> [Problem to solve]:
Return the listing below exactly. Leave its pictures out.

──────────

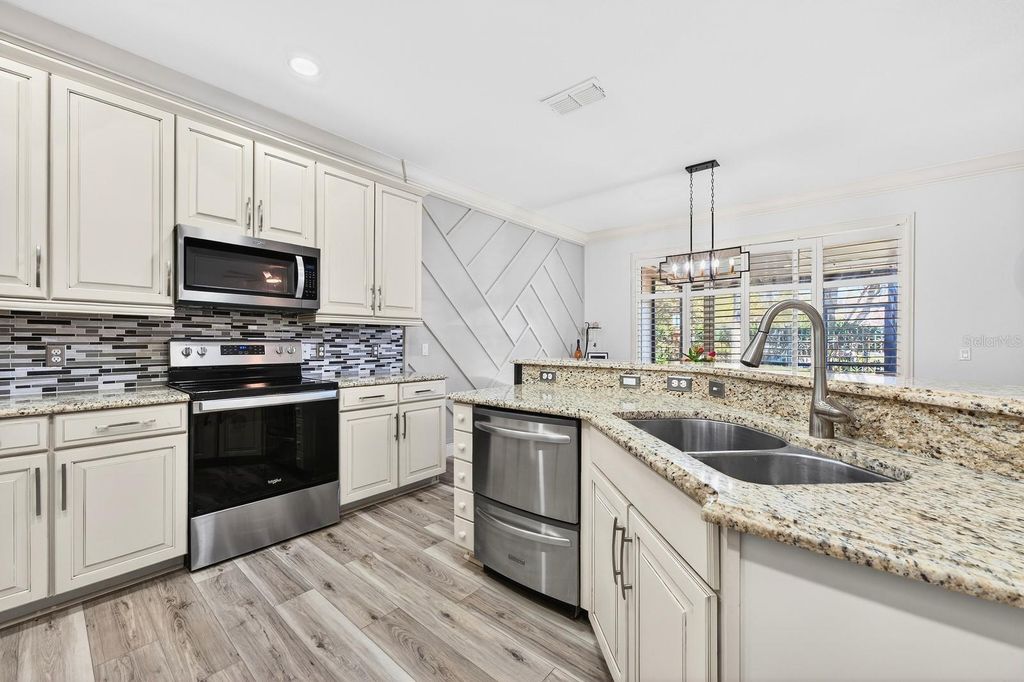 Image 8 of property listing at 10403 BELFRY CIRCLE, Orlando, FL 32832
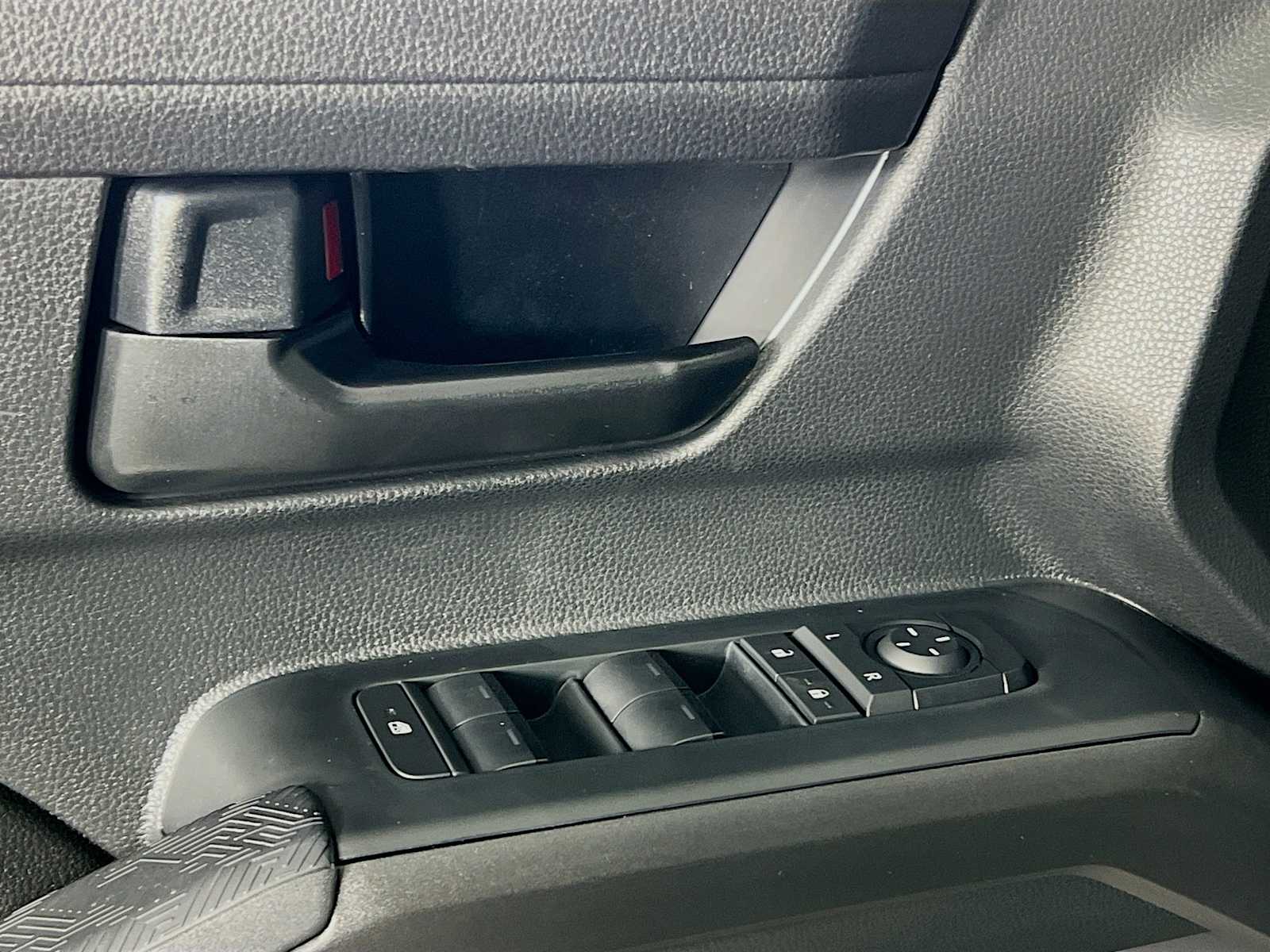 2025 Toyota Tacoma SR5 - Photo 15
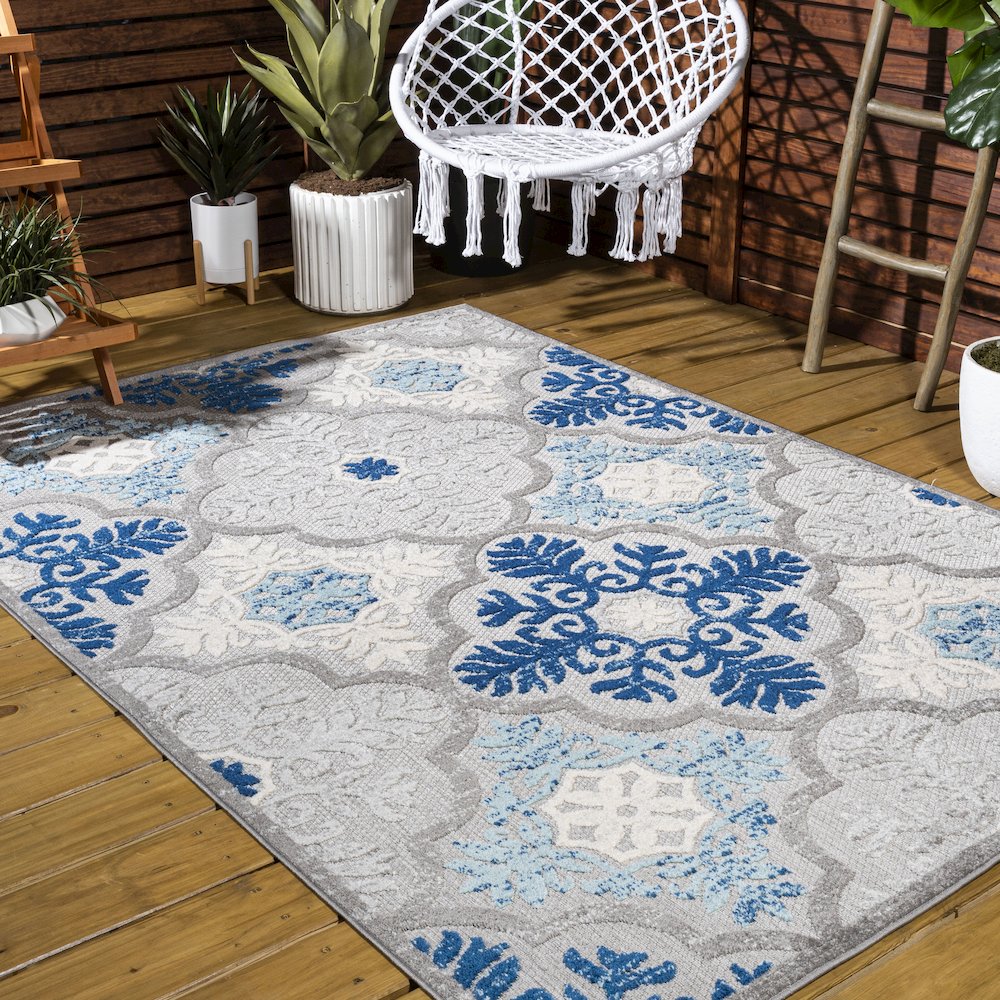 Cassis Ornate Ogee Trellis High-Low Indoor/Outdoor Area Rug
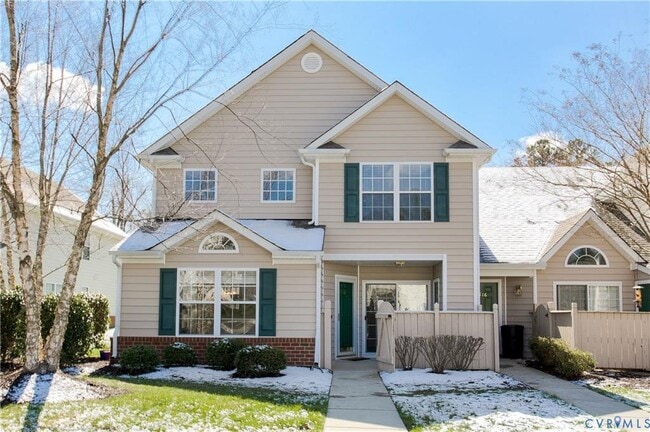 Foto del edificio - 4718 Twin Hickory Lake Dr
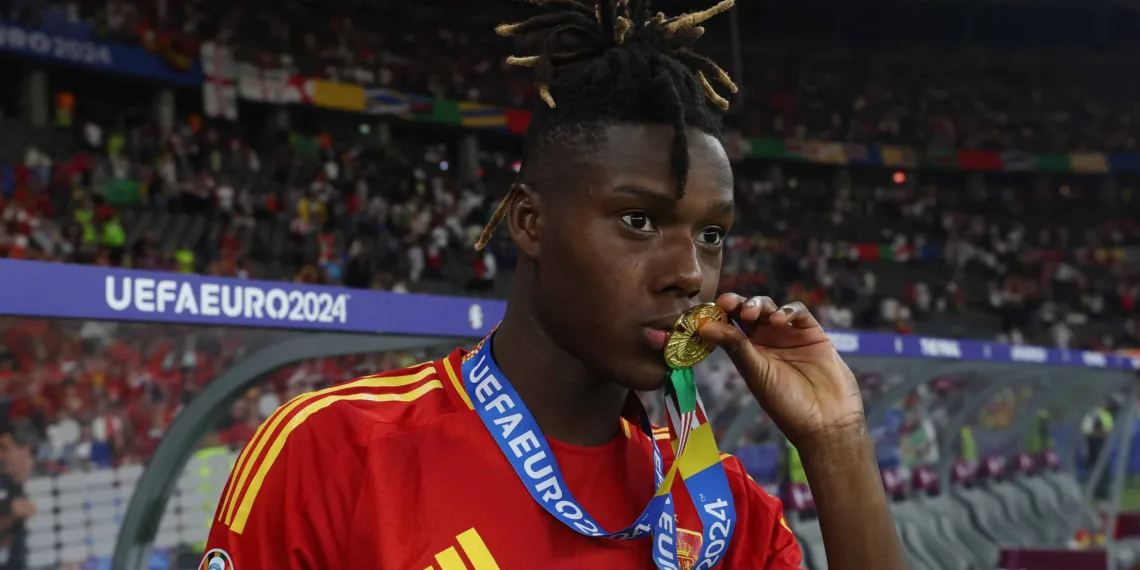 Soccer Football - Euro 2024 - Final - Spain v England - Berlin Olympiastadion, Berlin, Germany - July 14, 2024 Spain's Nico Williams kisses his medal after winning the Euro 2024 REUTERS/Lee Smith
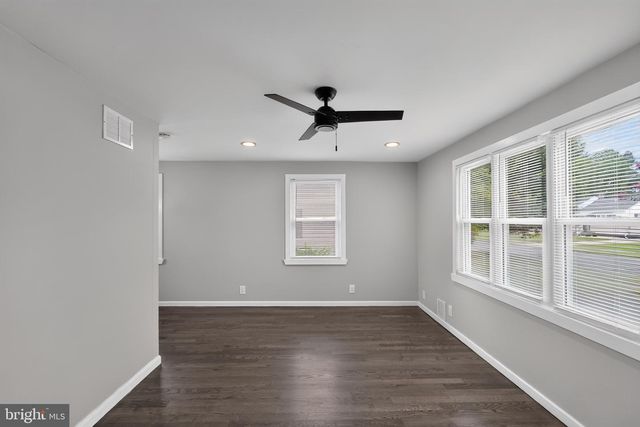 32 STANFORD RD, Cherry Hill, NJ 08034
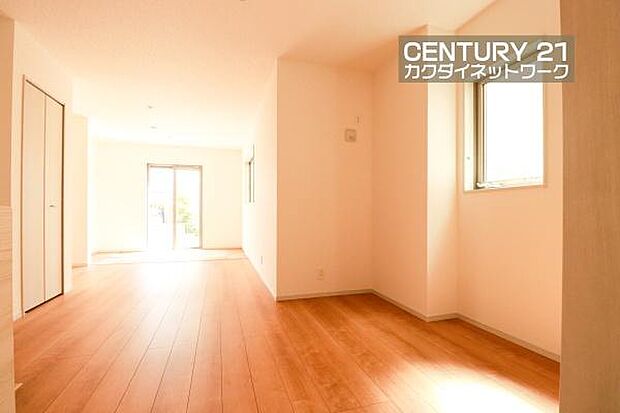 窓から差し込む陽光がリビングでくつろぐ家族を暖かく包み込みます。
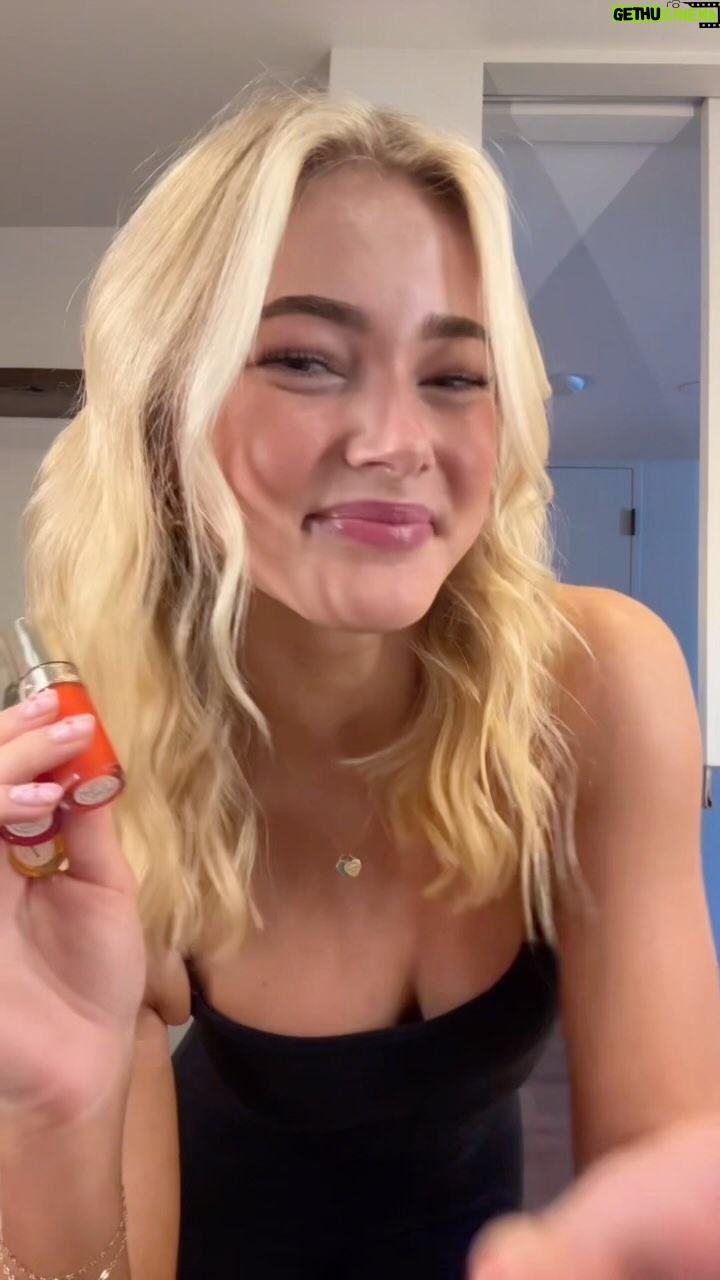 Rylee Arnold Instagram - My favorite everyday lip product from Ulta, the Clarins Lip Oil in shade Passionate Pink! @clarinsusa #ClarinsLipOil #DoubleSerum #ClarinsPartner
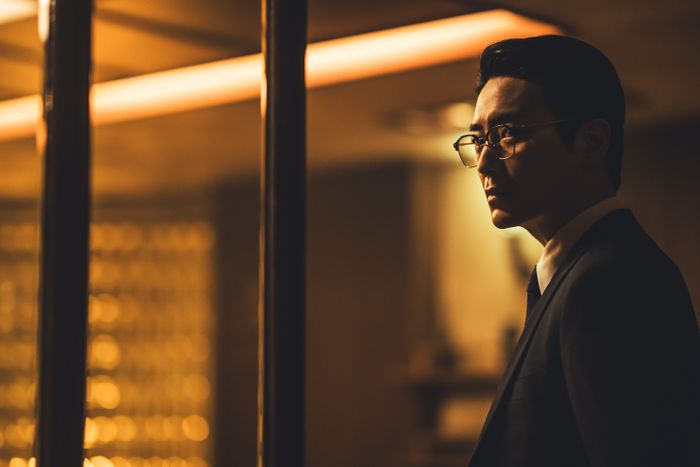 Cốt truyện của phim có phần dễ đoán, nhất là với những khán giả đã xem nhiều phim noir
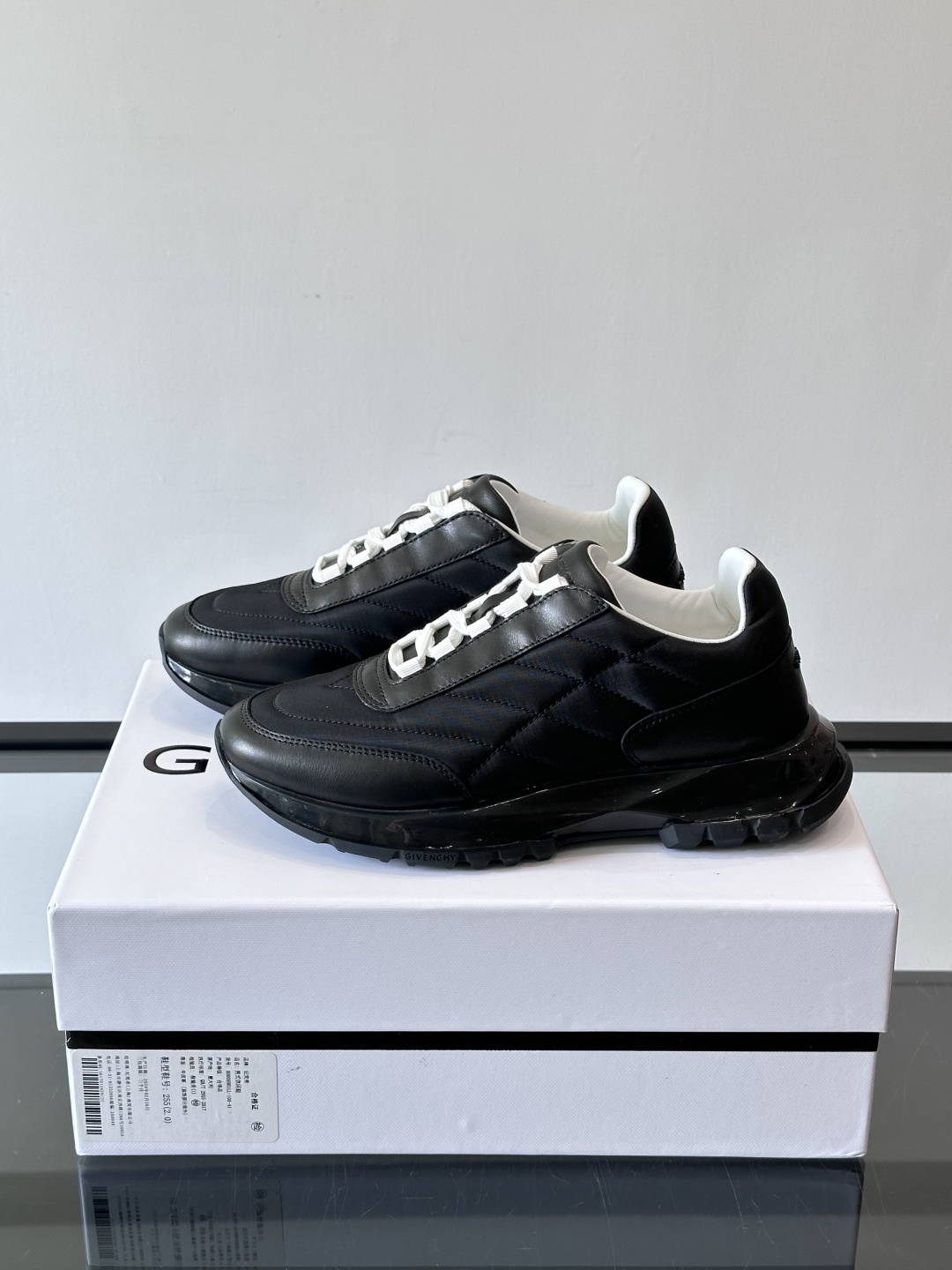 Givenchy/纪梵希 Trainers 系列男士拼接运动鞋官网同步新款，原版购入开发，这款运动鞋采用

──────────

> [Answer section]:
 Image 8 of property listing at 10403 BELFRY CIRCLE, Orlando, FL 32832
 2025 Toyota Tacoma SR5 - Photo 15
 Cassis Ornate Ogee Trellis High-Low Indoor/Outdoor Area Rug
 Foto del edificio - 4718 Twin Hickory Lake Dr
 Soccer Football - Euro 2024 - Final - Spain v England - Berlin Olympiastadion, Berlin, Germany - July 14, 2024 Spain's Nico Williams kisses his medal after winning the Euro 2024 REUTERS/Lee Smith
 32 STANFORD RD, Cherry Hill, NJ 08034
 窓から差し込む陽光がリビングでくつろぐ家族を暖かく包み込みます。
 Rylee Arnold Instagram - My favorite everyday lip product from Ulta, the Clarins Lip Oil in shade Passionate Pink! @clarinsusa #ClarinsLipOil #DoubleSerum #ClarinsPartner
 Cốt truyện của phim có phần dễ đoán, nhất là với những khán giả đã xem nhiều phim noir
 Givenchy/纪梵希 Trainers 系列男士拼接运动鞋官网同步新款，原版购入开发，这款运动鞋采用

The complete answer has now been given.